To encourage women into blockchain, she says younger people are “more open to it at a younger age”.

As a coder, she soon “learned to fail,” she says, “As in coding you fail far more often than you succeed. You soon learn about resilience and failure which is a big quality for anyone in business as if you can withstand it in crypto you can withstand great success.”

Gender imbalance

As part of her work, she has set aside funds to correct the gender imbalance in the classroom with the aim to increase the low numbers of women involved in engineering classes with an ambition for it to be more like 50/50.

“The philanthropic part of me really respects the blockchain philosophy of open source and decentralisation,” she says. “And as for what the anarchists term as going against the government and institutions, the goal is more about having equal access and more fairly distributed.

“It is a bigger goal about creating equality in humans and the transparency, access to truth, that you can’t hide anything with the authenticity which takes away the perverse power and profit.”

Influencer

On being described as an influencer, she says: “It’s one of those words that you might never call yourself – it is about being a thought leader and I am really flattered to be described this way.

“It is a recognition of the work I am doing in the space to inspire and encourage more women and professional and entrepreneurs to venture into the new technology.

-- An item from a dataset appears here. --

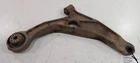 Passenger Right Lower Control Arm Front Fits 11-20 Dodge Journey Oem Used. Price: $49.36.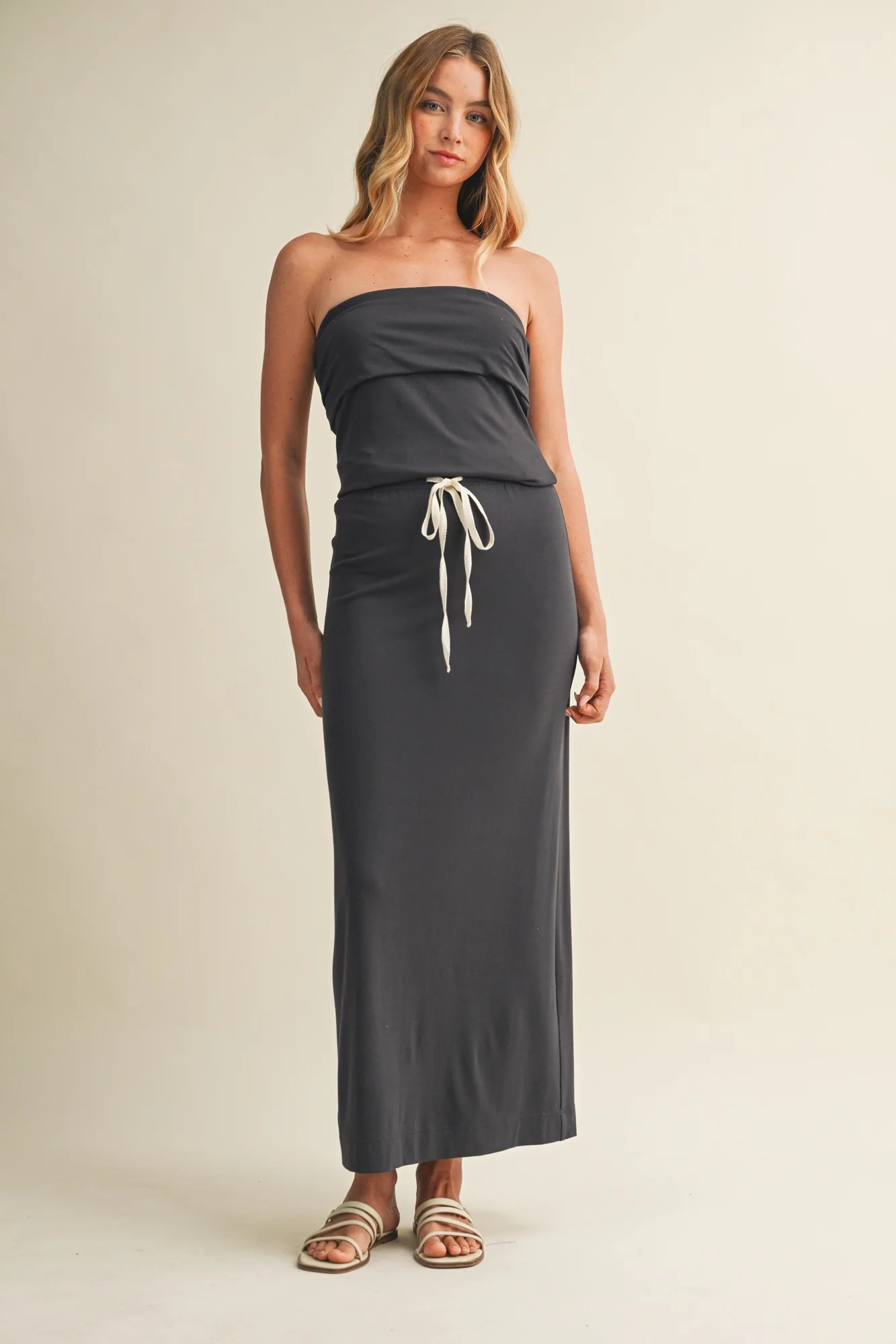 Black Sand Set - Image 6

I am really happy to hear it.”

She believes blockchain is “the new internet and it will continue to be part of the fundamental layers of protocol and will continue to be used and be synonymous with databases and this is a better ledger system and is a check and balance.”

She cites the Nasdaq adopting the technology with Bitcoin Futures and the big players such as American Express getting involved for evidence of the growing adoption and significance of blockchain.

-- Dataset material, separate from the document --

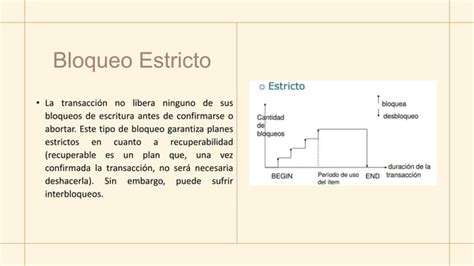 PROTOCOLO DE BLOQUEO EN 2 FASES PPT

In 2019, she says it will be interesting to “watch the speculative market change” and she describes it as “a good time for building real products and investing in them.”

“We are still intrinsically linking cryptocurrency and blockchain,” she adds. “Blockchain can be used to improve identification and it can be used in the law and notary in areas which require evidence – such as the title deeds to a house.”

Fairer way

It’s also being used as a fairer way to pay actors and musicians who only received a small percentage in fees, but with blockchain this could be avoided as they cut out the intermediaries and get a fairer share.

“I am super optimistic about its use in the broader consumer market,” she adds. She admits “a lot of different things” have happened on the journey to where she is now. “In the early days, I have lost and lots of different things happened with the technology.”

She is an advocate of the global network of collaboration that is being created “breaking down the barriers of geography in the global economy through blockchain which can create tighter bonds globally.”